## Required work
Return a copy of every line in the records that includes the word "front".

----------

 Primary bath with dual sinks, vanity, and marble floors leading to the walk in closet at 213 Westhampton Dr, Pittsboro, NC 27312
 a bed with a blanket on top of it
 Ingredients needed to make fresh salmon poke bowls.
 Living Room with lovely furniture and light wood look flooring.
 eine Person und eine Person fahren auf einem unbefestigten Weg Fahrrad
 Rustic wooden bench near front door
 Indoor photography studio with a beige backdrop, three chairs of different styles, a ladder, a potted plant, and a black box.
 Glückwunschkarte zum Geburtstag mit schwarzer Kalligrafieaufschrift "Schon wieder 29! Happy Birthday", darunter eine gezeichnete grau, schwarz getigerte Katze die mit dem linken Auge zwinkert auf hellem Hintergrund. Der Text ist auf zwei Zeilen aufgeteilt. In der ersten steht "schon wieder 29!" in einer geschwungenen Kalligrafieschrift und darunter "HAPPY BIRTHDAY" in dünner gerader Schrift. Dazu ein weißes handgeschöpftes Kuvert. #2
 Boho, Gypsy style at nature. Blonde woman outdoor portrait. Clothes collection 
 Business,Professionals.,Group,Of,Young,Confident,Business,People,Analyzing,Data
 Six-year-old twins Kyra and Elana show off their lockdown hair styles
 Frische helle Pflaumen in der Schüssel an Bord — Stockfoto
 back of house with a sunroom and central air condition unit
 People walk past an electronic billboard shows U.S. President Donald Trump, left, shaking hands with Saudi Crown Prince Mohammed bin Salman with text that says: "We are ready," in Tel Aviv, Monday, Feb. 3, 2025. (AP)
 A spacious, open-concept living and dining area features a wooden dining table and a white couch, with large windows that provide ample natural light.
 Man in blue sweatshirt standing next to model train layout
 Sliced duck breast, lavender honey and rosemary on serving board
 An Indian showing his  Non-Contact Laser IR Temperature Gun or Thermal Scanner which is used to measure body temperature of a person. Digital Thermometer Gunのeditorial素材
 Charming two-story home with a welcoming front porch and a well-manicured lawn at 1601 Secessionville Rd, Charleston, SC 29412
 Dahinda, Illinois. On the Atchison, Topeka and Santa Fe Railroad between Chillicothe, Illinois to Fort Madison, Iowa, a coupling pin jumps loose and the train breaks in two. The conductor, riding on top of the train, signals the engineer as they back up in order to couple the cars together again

----------

## Expected answer
 Rustic wooden bench near front door
 Charming two-story home with a welcoming front porch and a well-manicured lawn at 1601 Secessionville Rd, Charleston, SC 29412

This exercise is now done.